Non-Emotional Perception
A strong correspondence between emotion and major/minor is sometimes suggested as an evidence of categorical perception of major and minor (e.g., Goldstone & Hendrickson, 2010; Kamien, 2008). Nevertheless, it is uncertain whether these categorical performances were independent to the emotion elements. Even without controlling the valence level of the stimuli, when participants were asked to judge the similarity, with any basis they could rely on, of two pieces of music stimuli, the feature of major/minor was not mostly relied on by the non-musician participants in a judgement task (Halpern et al., 1998). Furthermore, non-musicians were able to discriminate major/minor melodies with emotion labels (Leaver & Halpern, 2004). Yet their performance only reached at chance level in a mode discrimination task without emotion tagging and could only be slightly improved after a short-term training. Their poor performance was possibly explained by a lack of the corresponding mental representations for the music stimuli (Leaver & Halpern, 2004). Similar to colour categorisation task, participants who did not have the specific vocabulary for blue and green did not conceptually differentiate blue and green colours (Roberson, Davidoff, Davies, & Shapiro, 2005). Major/minor is a terminology developed in western music tonic system. It is therefore possible that an individual does not know about this classification without acquiring the specific representation for major/minor through proper training. On the other hand, mere exposure alone may only influence one’s affective judgement or preference to music (Peretz et al., 1998), but not adequate to enhance the core understanding of the corresponding music terminology.

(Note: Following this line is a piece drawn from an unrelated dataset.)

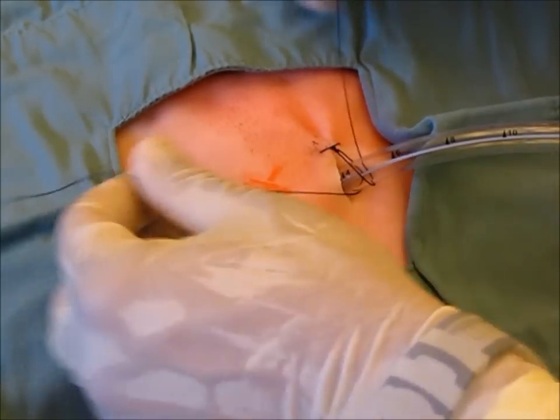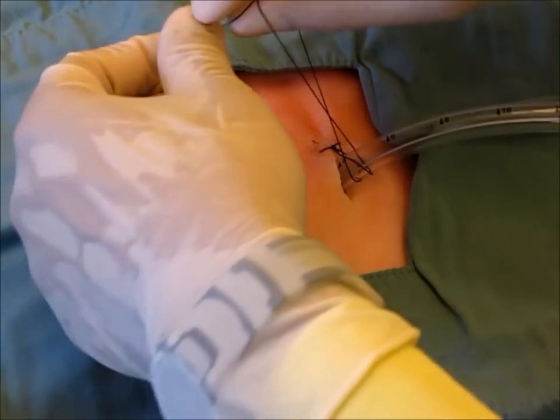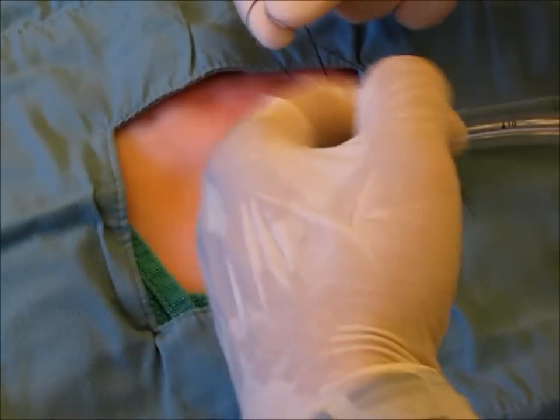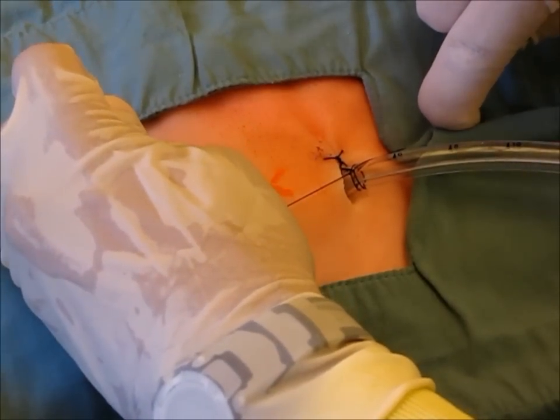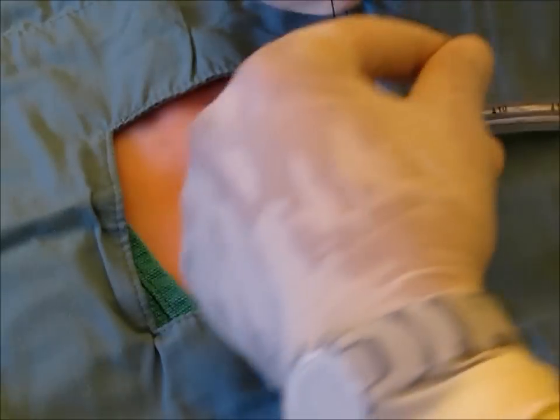When securing the chest tube, it is essential to secure it tightly enough to cause an actual dimple in the chest tube, however not overly so as to occlude the chest tube.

Categorisation does not necessarily come with linguistic labels. Considering the categorisation studies with young children who had no or very limited verbal skills, researchers usually observe how their young participants assign objects into different groups or discard the different one from a group with similar nature (e.g., Mak & Vera, 1999). In order to minimise the linguistic loading, similar methodology would also be adopted in this study for the untrained participants who had no or very little music vocabulary.
Control of Parameters
Music stimuli with valence control is important in examining the categorical ability of the untrained participants with the minimum effect of emotion elements. The present study therefore created its own set of music stimuli in order to control not only the valence level but also other possible music parameters, e.g., tempo. People generally feel more energetic and are highly aroused to the music in fast tempo than slow tempo (Fernández-Sotos, Fernández-Caballero, & Latorre, 2016). When hearing music in fast tempo during sport activities, the induced refreshing and encouraging experiences are usually regarded as positive (Szabo & Hoban, 2004; Waterhouse, Hudson, & Edwards, 2010). Hence, composing a specific set of music stimuli can try to minimise the effect of the variability of the music parameters that may deviate the goal of the original design.

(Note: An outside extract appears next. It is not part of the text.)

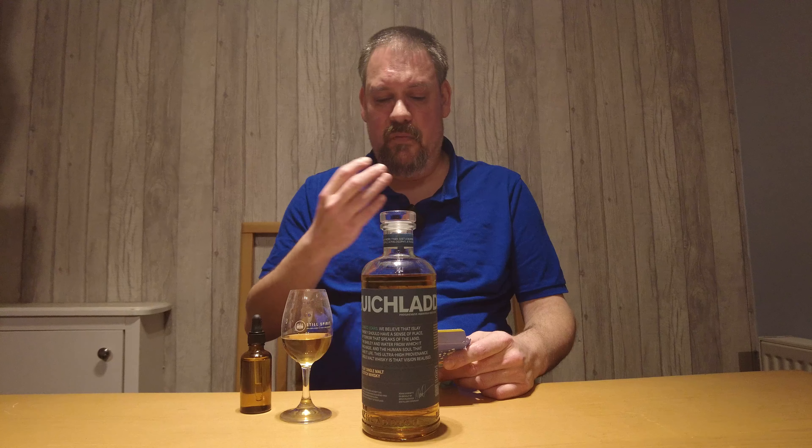Generally I prefer Bruichladdich in ex-Bourbon casks, and I've had a few Bruichladdich wine casks before that I've not been overly impressed with. One specific one was a 17-year-old red wine cask that I wasn't really a fan of. But having said that, that was full maturation in wine casks. So it'll be interesting to see — I would like the wine casks to just add a little bit more character to the dram, but not overtake the spirit.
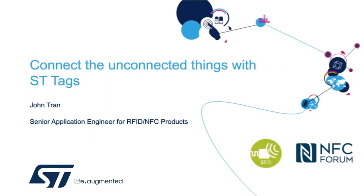Hello, everyone, and thank you for being here. My name is John Tran, and I am Application Engineer supporting ST RFID and NFC product lines. During the next 40 minutes or so, I'm going to talk about NFC tags.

On the other hand, some research took a minimalistic approach to provide a perfect control to the unrelated music parameters by only presenting triads (i.e., combinations of three music notes) as the sole stimuli to examine the emotion induction effect of major/minor (Cook & Fujisawa, 2006; Fujisawa & Cook, 2011). Although the hearing experience to triads can be quite different from the general expected experience of laymen to music, findings from this kind of studies give a basis which allows a further investigation on major/minor categorisation in the context with the stimuli which are closer to daily music listening experiences.

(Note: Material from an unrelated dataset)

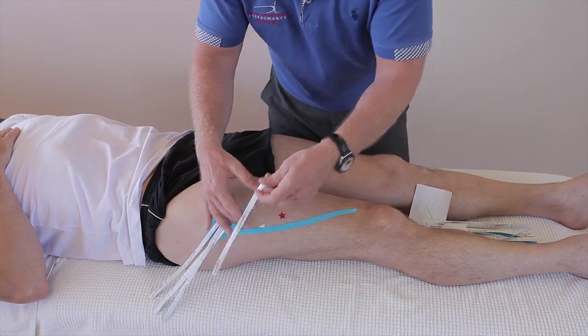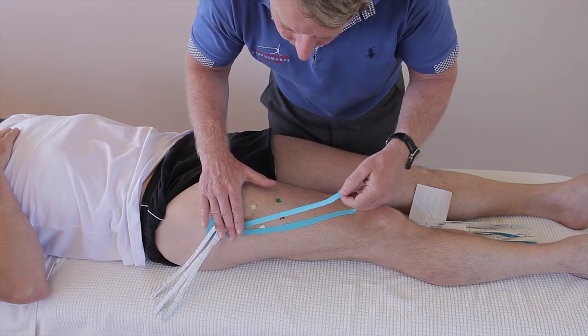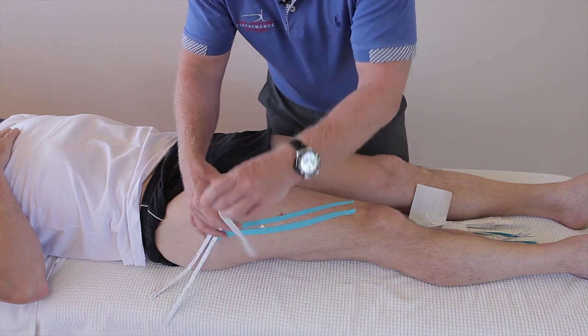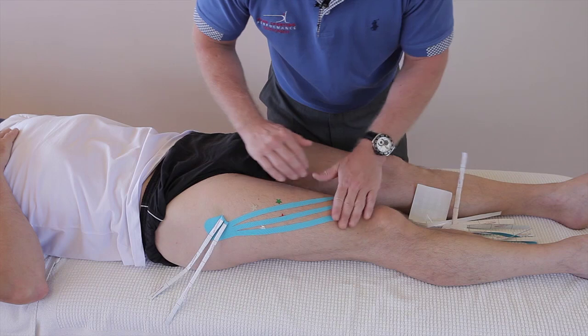I've seen swelling so bad that the knee is actually swollen as a result of a quadricep tear. Leave a little gap in between each one, and then the third finger like so.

Tonality in music is about a basic musical system including the arrangement of pitches and chords in a music piece or a song (Lerdahl & Jackendoff, 1987). With this format, listeners can be fully aware of major and minor keys (Crowder, 1984). Furthermore, compared to a triad or a mode, music stimuli in a form of tonality, which were adopted in the present study, can facilitate the holistic processing style which is also close to the type of music listening experiences that the untrained people would expect (Reybrouck, 1997).
The Present Study
Through the investigations to the association between emotion valence and major/minor in the past few decades, major and minor are believed to be categorically perceived. In order to further validate whether the categorical perception to major/minor can be largely independent to emotional elements, music stimuli with the controlled emotion valence in this study were composed. With this set of newly-composed music stimuli, other music parameters can also be controlled. The music stimuli were composed in a form of tonality which aligned with the general impression of music from people with no music training background.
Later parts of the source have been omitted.